El satélite Proba-V de la ESA ha tomado esta semana una fotografía de lo que queda del Mar de Aral, que una vez fue un oasis de agua y un vergel agrícola, el cuarto lago más grande del mundo y hoy es un desierto.

Proba-V es un satélite de la Agencia Europea encargado de mapear la cobertura terrestre y el crecimiento de la vegetación en todo el planeta cada dos días. Con esta misión, compara el estado del mar de Aral respecto anteriores meses y años. El Mar de Aral fue una vez un gran lago dulce encerrado entre Kazajstán en el norte y Uzbekistán en el sur, con un área de 68.000 kilómetros cuadrados, el doble que Bélgica.

Sin embargo, el mar de Aral se ha reducido dramáticamente desde los años 1960, cuando los proyectos de irrigación agrícola de la Unión Soviética desviaron el agua de los ríos que lo abastecían, informa la Agencia Espacial Europea en el comunicado de la fotografía. 

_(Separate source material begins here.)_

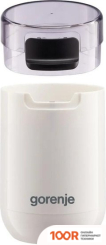 Кофемолка Gorenje SMK150SW (125696)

Para la década de 2000, el lago se había reducido a aproximadamente el 10% de su tamaño original, dividiendose en dos lagos, y en 2014 el Lago del Sur con forma de herradura prácticamente se había secado, completandose un desastre ecológico sin precedentes, y dejando la región sin una importante fuente de agua y regulador de la temperatura ambiental.

Comparativa de la extensión del Mar de Aral, entre 2010 (izquierda) y 2015 (derecha) | NASA

 

De oasis a desierto

Los niveles de agua subterránea también cayeron a causa de la sobreexplotación del lago (algo parecido pasa actualmente en las lagunas de Tablas de Daimiel, en Ciudad Real), la vegetación fue muriendo y se derrumbó una industria pesquera que antes prosperaba.

Los lechos expuestos formaron el recién bautizado Desierto de Aralkum, generando tormentas de arena con plaguicidas que pueden llegar hasta el Himalaya. Se están realizando esfuerzos para estabilizar la situación, incluida la replantación de vegetación resistente para reducir las tormentas de arena.

En 2005, se completó la presa Kok-Aral para recuperar los niveles de agua en el Lago del Norte, ubicada en el lado este-fondo. Además, periódicamente se abre una compuerta para reponer el Lago del Sur. Poco a poco va recuperando extensión pero no recuperará nunca su máximo esplendor.